◆ **Task to carry out**: Scan the records beneath this line for the line holding "9920 In-8, Knox, Indiana, 3" and the line holding "七河·藏家水晶矿标化石小拍（总第41期） 藏家出品 X728（7）小手握大小的云贵闪灵水晶原石一组4件", then transcribe exactly those two and all lines between.

◆ **Extracted entries**:
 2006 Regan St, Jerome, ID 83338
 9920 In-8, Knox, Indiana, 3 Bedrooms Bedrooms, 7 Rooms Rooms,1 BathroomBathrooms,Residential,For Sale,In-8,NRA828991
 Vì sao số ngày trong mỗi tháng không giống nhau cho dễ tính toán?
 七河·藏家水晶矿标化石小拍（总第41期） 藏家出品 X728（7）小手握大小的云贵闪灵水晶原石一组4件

* * *

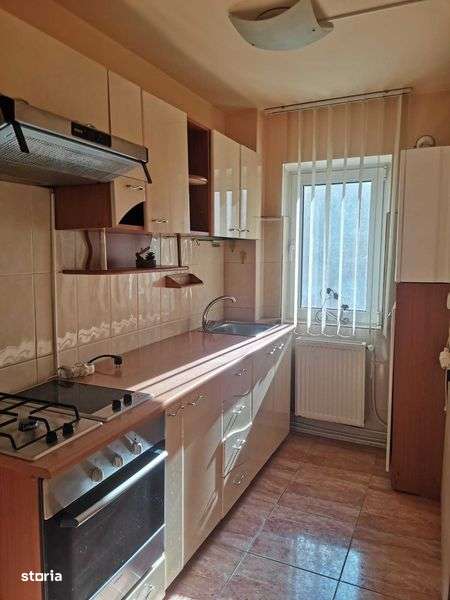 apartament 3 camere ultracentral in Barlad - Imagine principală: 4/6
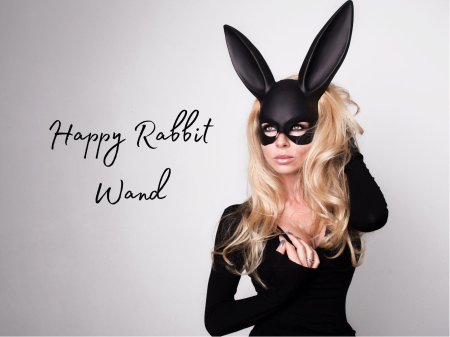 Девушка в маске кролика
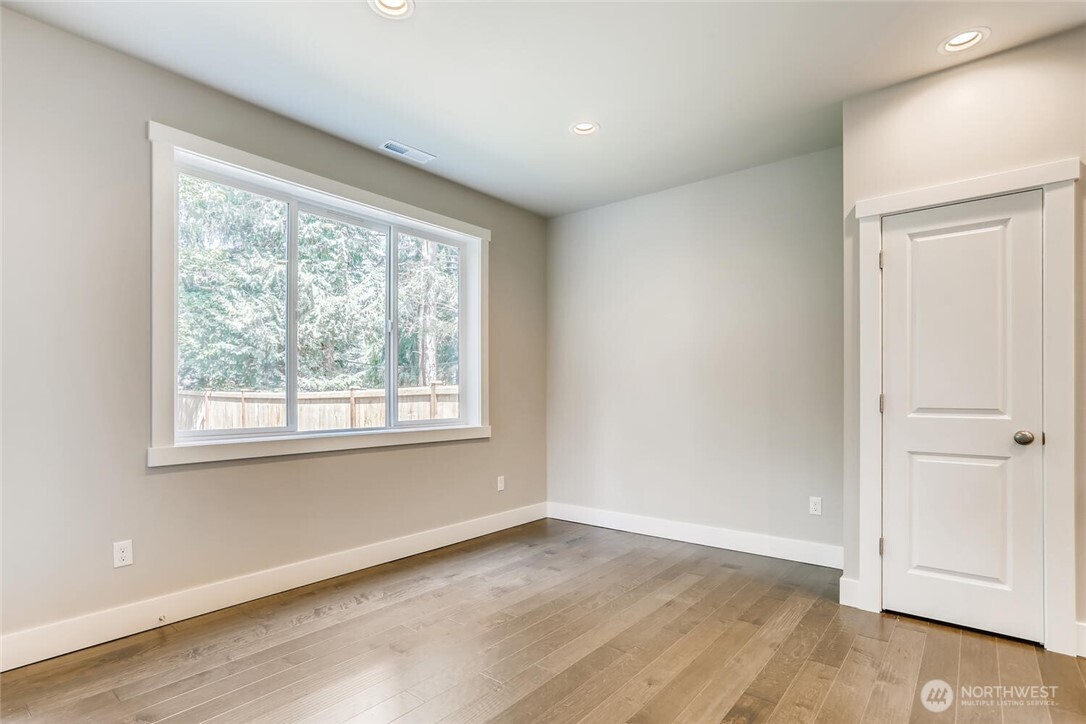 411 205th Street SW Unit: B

...

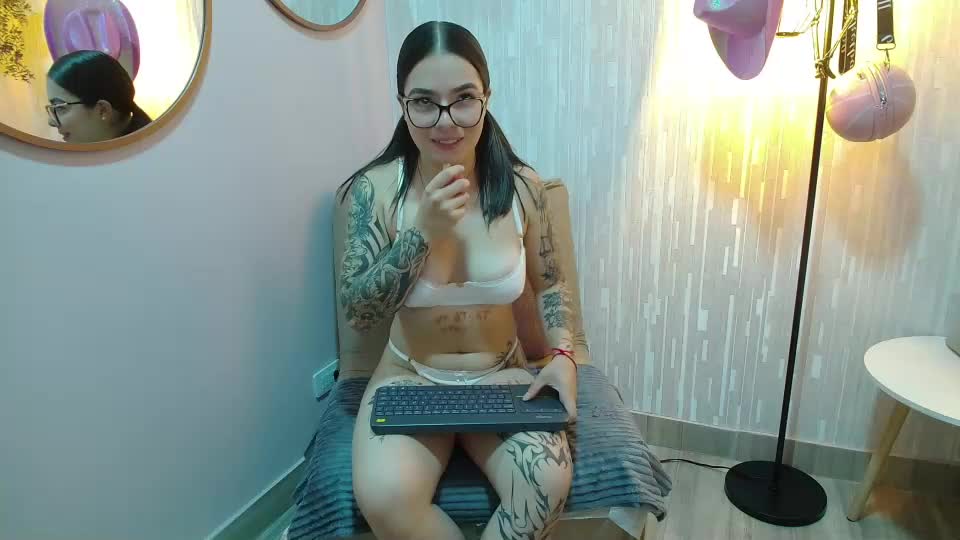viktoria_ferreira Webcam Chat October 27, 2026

◆ **Exercise solution**:
 9920 In-8, Knox, Indiana, 3 Bedrooms Bedrooms, 7 Rooms Rooms,1 BathroomBathrooms,Residential,For Sale,In-8,NRA828991
 Vì sao số ngày trong mỗi tháng không giống nhau cho dễ tính toán?
 七河·藏家水晶矿标化石小拍（总第41期） 藏家出品 X728（7）小手握大小的云贵闪灵水晶原石一组4件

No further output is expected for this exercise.